Monday, April 12, 2010

Juarez Booze Run

I met Laura when I was 14.  Her father, Tony was my blood father’s half brother.  He came into my life when my father was killed and began to take me down to Ruidoso on a regular basis to spend time with his children.  This was incredibly kind of Tony, not to mention it was a lot of fun, he had 3 kids, Laura and her two brothers, Nathan and Corky.  

In the beginning, my visits to see the cousins was relatively innocent, the occasional cigarette or can of beer.  But within a short period of time, we had escalated to large quantities of alcohol, then cocaine.  This was a very dangerous time for me as my cousins were lacking their allocated amount of the common sense gene when in utero; as did I.  When I was with them, we did the most unimaginably stupid things. Whether it be driving around town shooting out windows, stealing golf carts and driving them off cliffs, seeing how high and far we could jump our vehicles over cattle tanks, all of course while cross-eyed drunk.  But the grand daddy of our stupidity was an afternoon excursion to Mexico to buy booze.

We got it in our heads that Laura, my brother Tom (who was about 8 at the time) and I should drive to Juarez Mexico to buy cheap booze.  Juarez was about 2 1/2 hours away.  We told Laura's parents that we were going hiking and then camping out overnight.  When we arrived in Juarez, we bought enough booze to take care of Jim Morrison for a month.  Once we loaded up the car with rot gut alcohol, I had the bright idea of having a drink; or two.  So off we went, with my eight year old brother, to a seedy Juarez bar to drink like adults.  4 hours later, there we were, absolutely shit-faced drunk and a two and one half our drive ahead of us.

Laura was the only person with a driver’s license, Tom was too young and mine was revoked for reason that I can no longer remember.  Although Laura was the drunkest of the three of us, she’s the one with the license, so off we went drunk driver and all.  We got across the border with no problems but an hour down the highway, a State Police officer pulled us over.  When he pulled us over, I was passed out; he had to shake me to wake me up.  The officer let us know that he'd stopped us because Laura was going 35 in a 55 mph and weaving in and out of her lane.  The police officer asked if we'd been drinking, of course, I belched and said no.  Laura told him that she was just very tired.  He instructed me to drive but when he discovered that I didn't have my driver’s license, he told Laura that she'd have to drive and to stop at the next filling station to buy a coffee.

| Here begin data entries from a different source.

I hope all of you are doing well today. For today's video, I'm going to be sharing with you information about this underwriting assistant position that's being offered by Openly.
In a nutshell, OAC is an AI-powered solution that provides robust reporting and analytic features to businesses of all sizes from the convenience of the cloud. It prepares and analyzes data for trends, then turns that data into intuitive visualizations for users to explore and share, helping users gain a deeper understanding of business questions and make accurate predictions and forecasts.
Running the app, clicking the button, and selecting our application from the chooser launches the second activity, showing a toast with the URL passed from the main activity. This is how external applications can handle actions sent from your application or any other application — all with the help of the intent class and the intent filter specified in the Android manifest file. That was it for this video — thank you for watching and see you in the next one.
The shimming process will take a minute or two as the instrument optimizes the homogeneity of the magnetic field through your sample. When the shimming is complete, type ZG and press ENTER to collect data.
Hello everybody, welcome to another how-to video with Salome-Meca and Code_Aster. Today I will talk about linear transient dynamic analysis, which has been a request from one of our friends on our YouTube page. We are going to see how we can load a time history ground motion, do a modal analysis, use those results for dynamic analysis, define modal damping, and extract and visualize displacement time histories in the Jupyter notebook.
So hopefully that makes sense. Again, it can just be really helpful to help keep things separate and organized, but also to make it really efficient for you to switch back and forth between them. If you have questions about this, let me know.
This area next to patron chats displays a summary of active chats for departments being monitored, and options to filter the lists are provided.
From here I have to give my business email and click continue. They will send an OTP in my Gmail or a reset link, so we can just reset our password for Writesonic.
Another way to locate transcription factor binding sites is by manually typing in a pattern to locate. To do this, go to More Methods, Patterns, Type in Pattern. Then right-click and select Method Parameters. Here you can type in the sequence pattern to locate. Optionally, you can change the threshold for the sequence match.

Minutes after pulling away from the cop car and back onto the highway, Laura started to pass out.  No matter what I did, I couldn't keep her awake.  It was very dark out, we were on a crowded 2 lane highway and the police man was directly behind us.  

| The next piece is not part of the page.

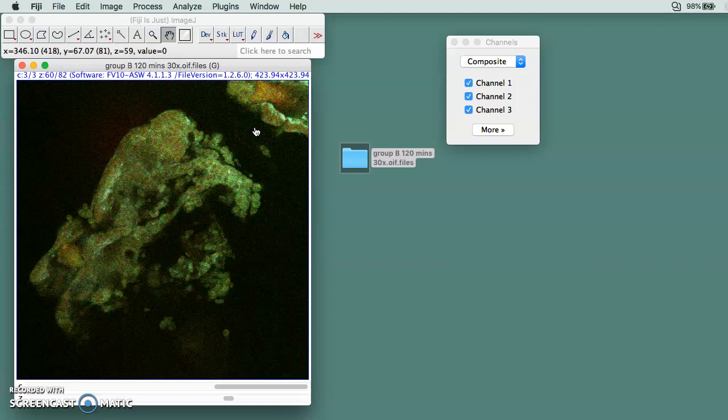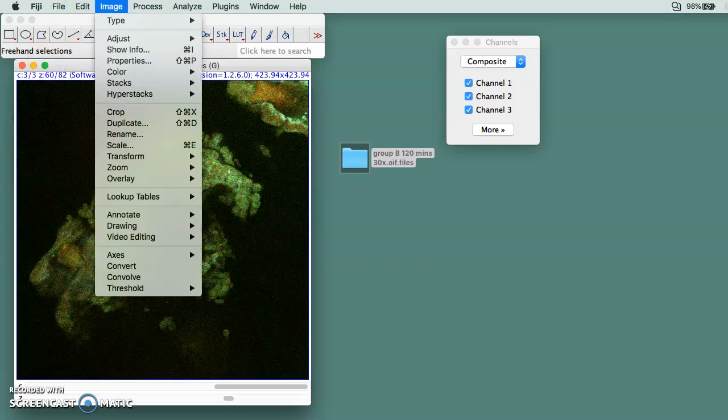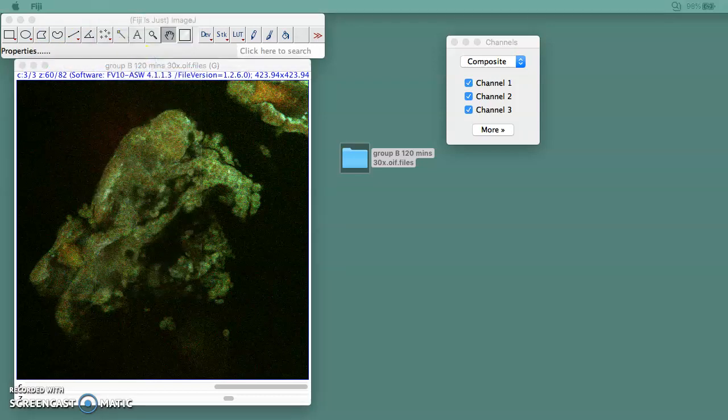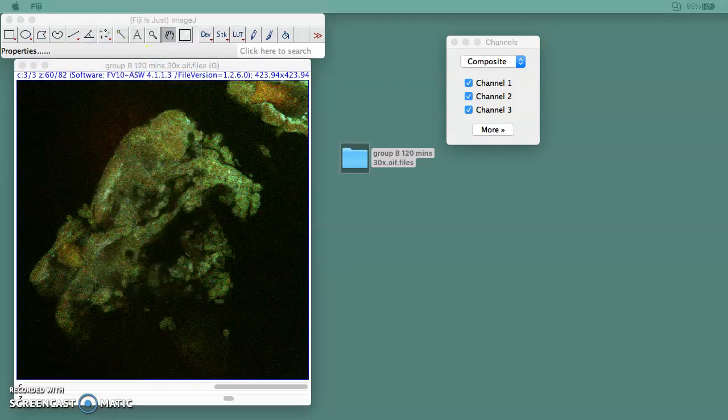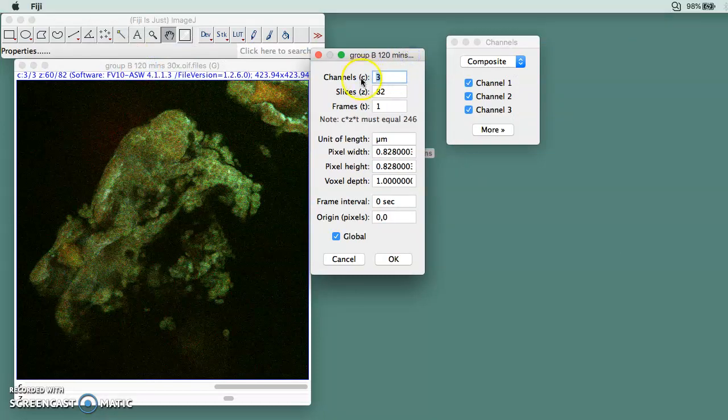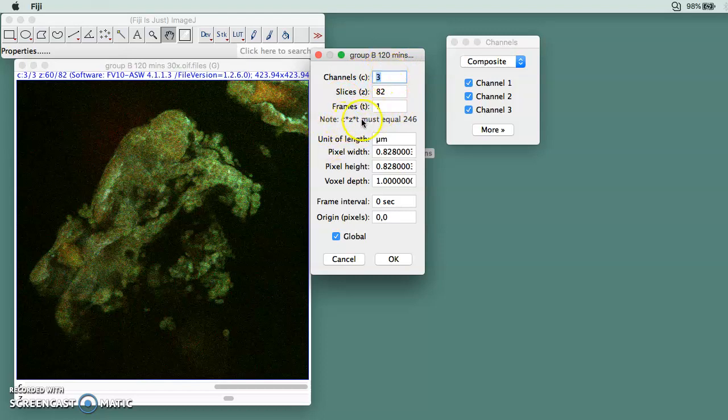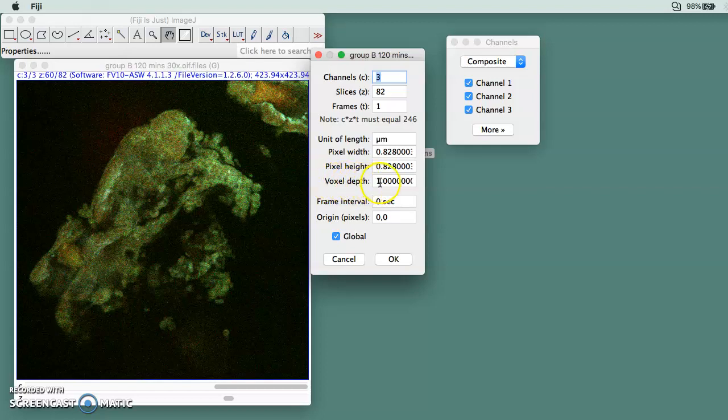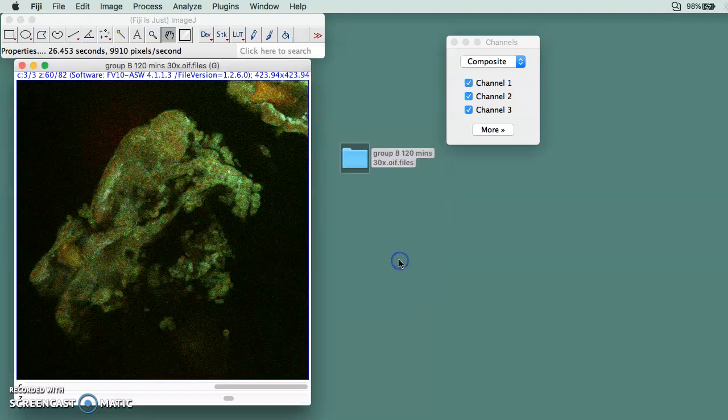Next thing you need to do is go to Image and then Properties. The channel size and frame we already corrected before. The frame is actually one, and you need to change the voxel depth to 1, and then you click OK.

I managed to reach over and set the cruise control for the posted speed limit.  Then as quickly as I could, I dragged Laura out of the driver’s seat and into the passenger’s seat.  She was not much help by that point; she was down for the count.  A couple of times while I was pulling Laura out of the driver’s seat, I remember reaching over, grabbing the steering wheel and make sure we kept on a straight course; just in the knick of time.  Once I finished moving Laura, I slid into the driver’s seat and took over as captain.  All of this while we were rolling down the road at 55 mph, in a pitch dark night and a police officer right behind us!  There was still a major problem, I wasn't able to see straight so I had to keep one eye shut and do the best I could to keep the other eye focused so I’d stay on the road.  I couldn't pull over or slow down because the cop was right behind us, must have followed us for at least 60 miles. 

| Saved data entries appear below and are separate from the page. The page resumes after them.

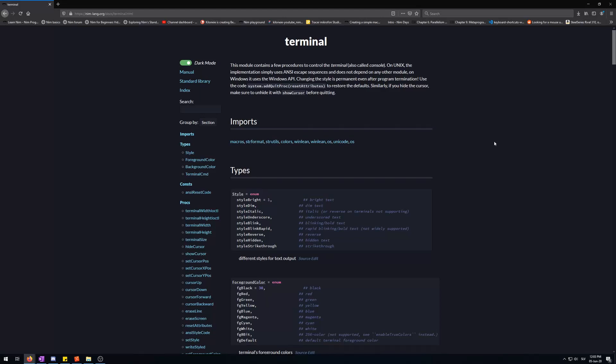Welcome to another video of exploring the Standard Library video series, Module Terminal. The Terminal module is used to manipulate the terminal console we have been using in every video so far. Things you can do with this module are change the background color of a line, change the color of text we are displaying, show, set, and hide our mouse cursor, erasing lines, etc.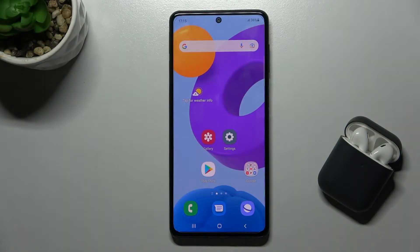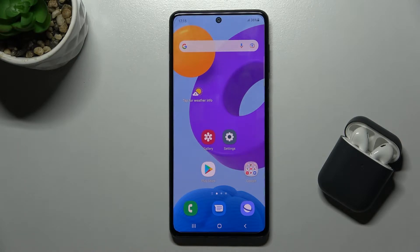Welcome. Today I have in front of me the Samsung Galaxy M52 5G, and I'll show you how to change the notification sound on this device.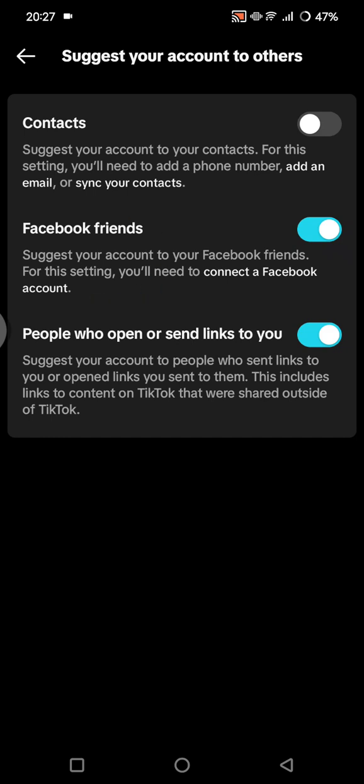And then you can also turn off the suggestion for your Facebook friends, so TikTok will not suggest your account to your Facebook friends.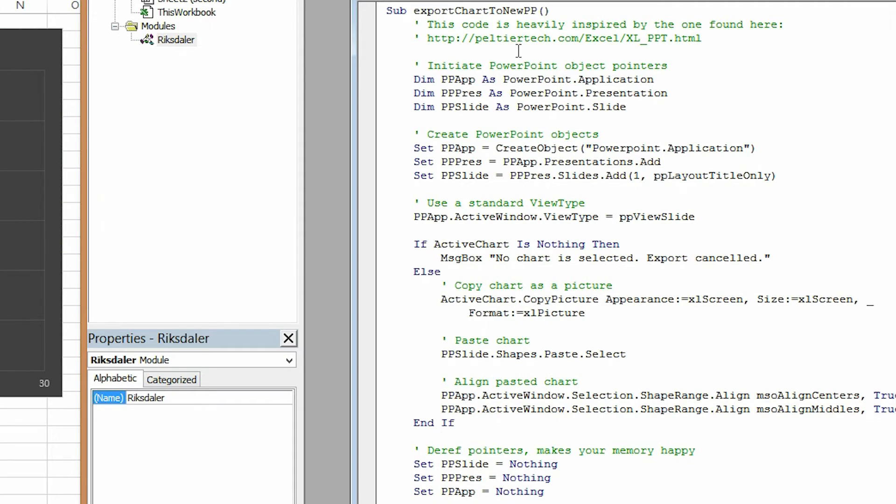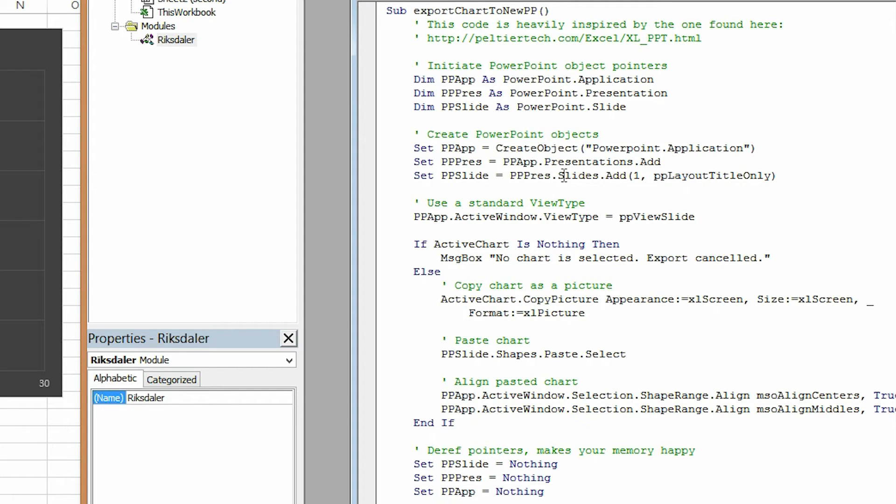So what this code right here does is it will initiate some PowerPoint object pointers and then we will make a new PowerPoint session. We will give it a presentation and inside that presentation we will add a new slide and have a pointer towards that one.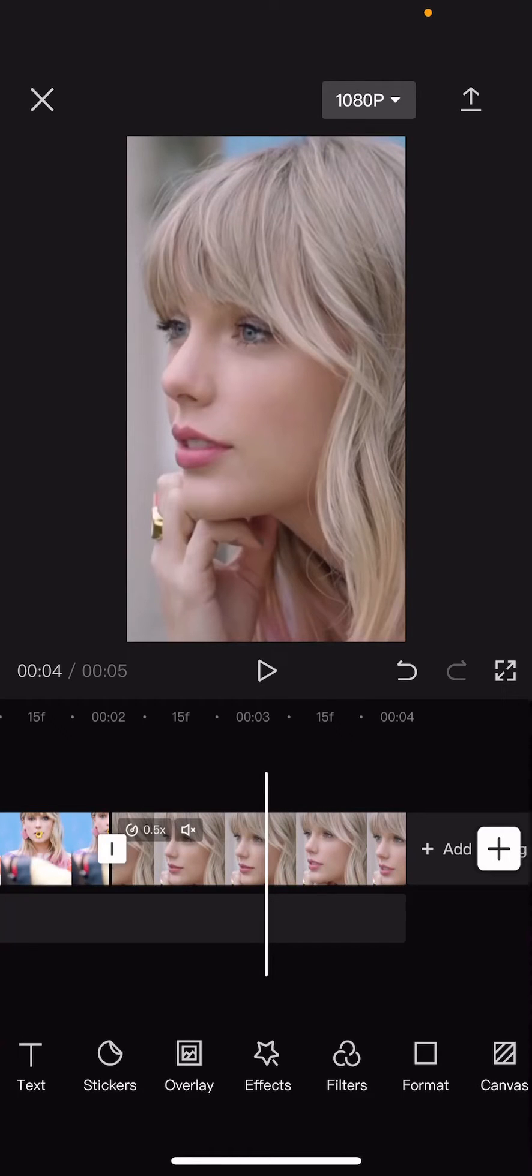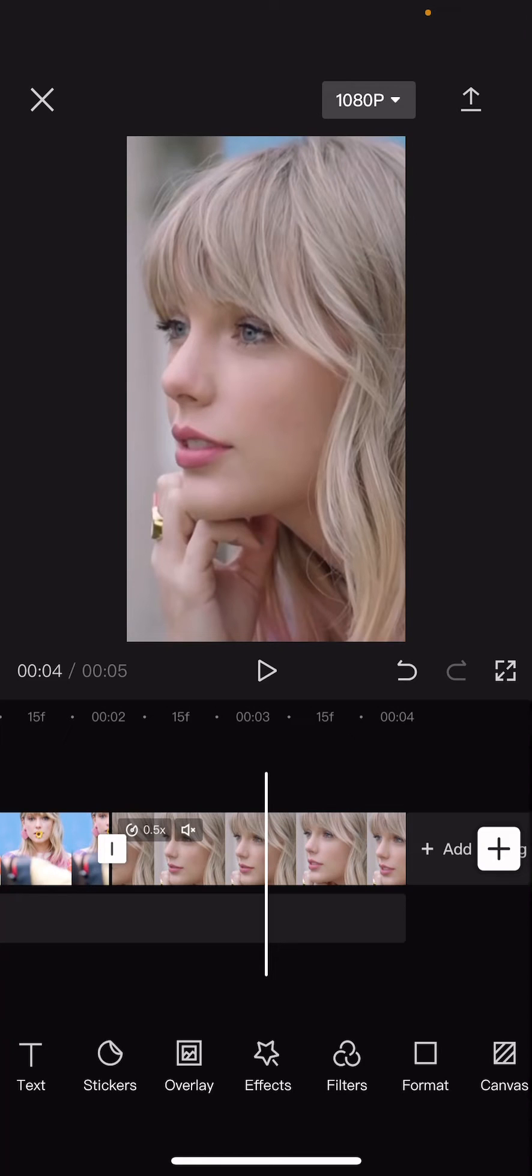Hey guys, and welcome back to this channel. In this video, I'll be showing you how to create a glitchy video on CapCut.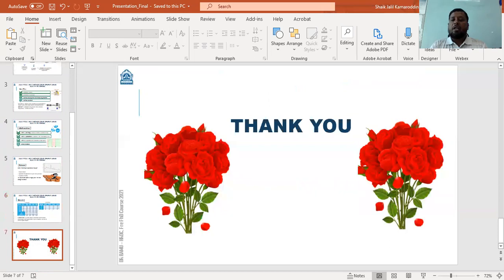I would like to thank you all once again for your tremendous efforts, guidance, and support provided to us during this pandemic period for the successful completion of this coursework. Thank you very much.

We did eventually make it back to Ruidoso, in one piece but less millions of brain cells and decreased liver functions.  We did continue to drink through the night with our eagerly waiting cousins.  Who by the way were furious with us for being 5 hours late.

This is how we lived our lives in our early and mid teens.  Laura
later in life took it to a level that only by the grace of God I didn't go to.  Laura used and subsequently became fatally addicted to heroin.  Laura looked like the all American small town girl.  She lived on a small ranch, had a father and mother who loved her, they were worth millions.  She was a cheerleader, rode and helped her mother coach/train hunter jumper horses and riders.  When she died, she was virtually estranged from her family and certainly penniless.  She was found all alone in a cockroach infested Arizona apartment.  She still had the syringe stuck in her arm.  She left behind a habitual criminal of a husband and two infant children whom she passed on fetal alcohol syndrome and hepatitis c.